Landscape Design: Seven Tips for beginners
If your garden just needs new plantings or a complete overhaul, reworking the landscape can be overwhelming. We’ve collected seven top tips for beginners wanting to tackle landscape design. Because when it comes to landscape design there are many choices you can make, but it can all be very confusing. But, if you re-frame your thinking and think of your garden as you would a room inside your home, it can make the project easier to process. The same key steps you take inside can also guide your designs outside, too.
Determine Landscaping wants and needs
Start with your needs and wants list. A play space for the kids? Do you want to grow your own vegetables? Need some seating? Would the family make use of a deck and outdoor dining area?
Next do some very rough drawings of the area with thoughts of where you’d like to put things; of course they don’t need to be master plans (they can just be ideas), your landscape design can start with just the basics and stick drawings, lines, symbols and circles. This is the best way to play around with ideas without a lot of time and commitment.
Think About Location
Review the sun, wind and weather patterns. You might want to place an outdoor living space on a certain side of the house, but will the area get the right amount of sun at the time of day you’ll be using it? Get it wrong and you’ll be dining in cool shade or blinded over your morning coffee. And wind whistling around a corner could quickly extinguish fire pit aspirations or day dreaming in the sun on a summers day. Unfortunately, these can be common mistakes in landscape design when you’re starting. We recommend that your design takes into account what the sun and wind do at different times of the day and year.

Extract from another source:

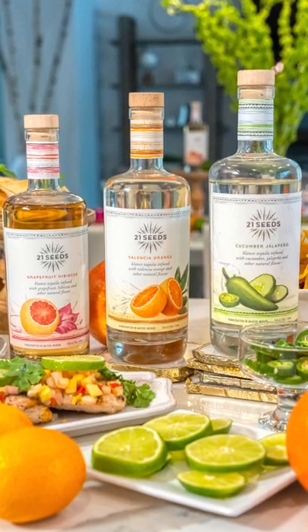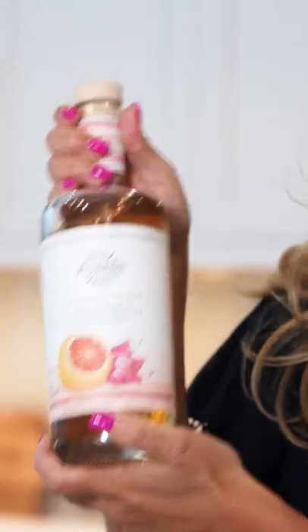I have learned about this new company, 21 Seeds. So excited to show you some great cocktails. So they have this delicious tequila — it's grapefruit hibiscus.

Sit Down and Enjoy Your Landscape
Live with it and in it for a while. Physically move around your garden, walk the tree line or imaginary pathway, consider what it would be like to have the features on your wants and needs list. Do you have room for the play area? Does it flow? Sit down relax where you think the patio could go, have an outdoor picnic to see where the sun moves during dining time. Even if it means mapping out and getting creative with string lines it is important to experience the area. Coming to quick conclusions about your landscape can lead to choices that don’t work in the long term. When you spend more time outdoors, you’ll see areas you naturally gravitate to and want to be in.

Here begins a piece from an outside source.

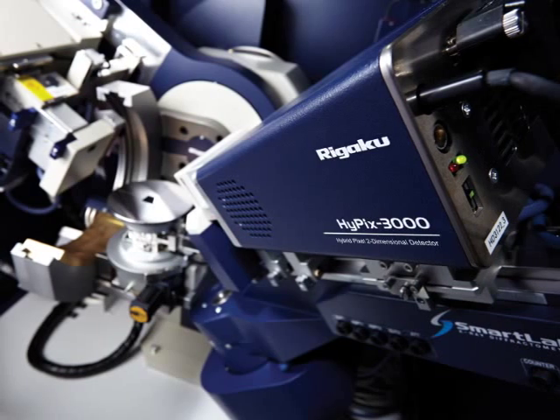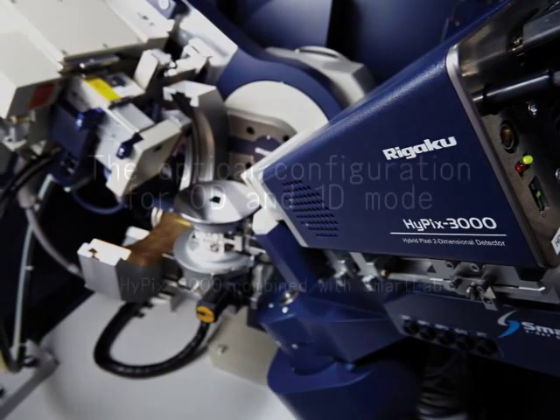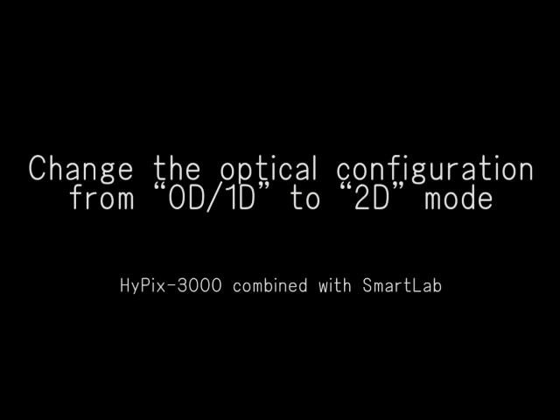The Smart Lab system with Hypix 3000 hybrid pixel array detector allows for zero, one, and two-dimensional diffraction data to be collected with the same detector. The optics hardware for the zero and one-dimensional data collection modes are the same. A change in computer setting is all that's needed to switch between the zero and one-dimensional data collection modes.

Home and garden television shows provide great inspiration, but they are misleading! They show grand reveals of full outdoor makeovers in just a few days—but often you’ll find they have a team of 20+, which is not the case for most beginner gardeners. Creating a landscape and slowly developing a plan is part of making landscaping an enjoyable rewarding process.

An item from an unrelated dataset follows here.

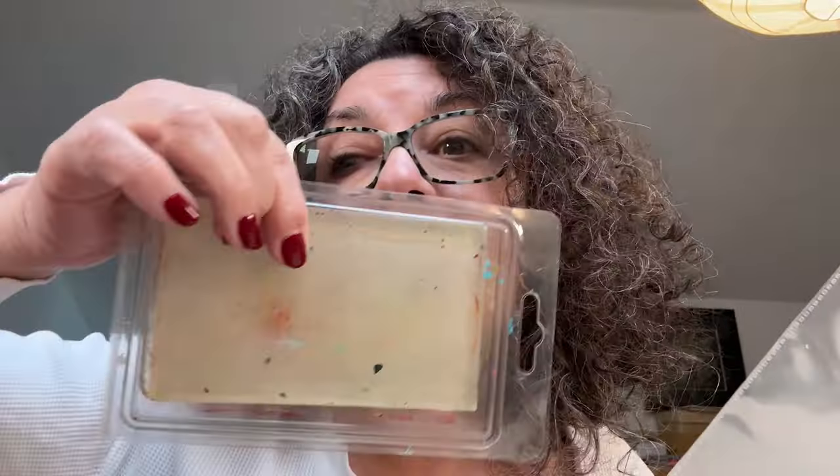Hi everyone. Today we're going to talk about jelly printing. We're going to do the jelly plate versus a plastic sheet. That plastic sheet — you could use a plastic bag, a plastic cereal bag, or a Ziploc bag. It's a great way to recycle. I'm going to show you the flexibility of choosing an alternate to the jelly plate for monoprinting.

Lead from your master plan, but start small; maybe a vegetable plot, adding natives for privacy, or a general clean and clear to make it a fresh canvas. Sure, it’s great to make the most of weekends and holiday time to get the most impact. And who doesn’t love the quick results of a fully committed working bee? But remember you can chip away at your landscape an hour or two at a time, this way you worry less about filling everything up all at once.
Find a Focal Point
Good garden design has a focal point or a range of focal points, this is an easy concept to put in place when it comes to landscape design for beginners. The focal point could be a sculpture, water feature, or a stunning plant, a tree, or even possibly a local landmark if you have a view of it from most vantage points (and you’re not going to get built out).
Focus on Scale and Pacing
This can be the trickiest principle in landscape design for beginners. Scale and pacing give your landscape a cohesive look. Aim to have variety in shape, size, and colour; tall plants against a building or bordering a flower garden, and pathways to lead the eye through the space. The real skill is finding balance between repetition and new elements. Repetition gives a sense of unity, but remember you don’t want it to be boring. An occasional new elements is best, you don’t want a mish-mash having all different elements throughout.
Be Open to Change
Unless you’re strongly committed to something, be honest about what you like—and what may have just been a trend you got caught up in at the time. Make sure the elements you incorporate reflect your style—it’s okay to try something new, and it is more than ok to reevaluate when something missed the mark. Just like the seasons your tastes and the way you use the space will change over time, kids will grow up, you may entertain less or more, and the time you have to devote to your space will change too.
Final word for beginners: Patience is key to landscape design for beginners. You can always move features or carefully replant them if you realise that maybe you got the wrong spot initially.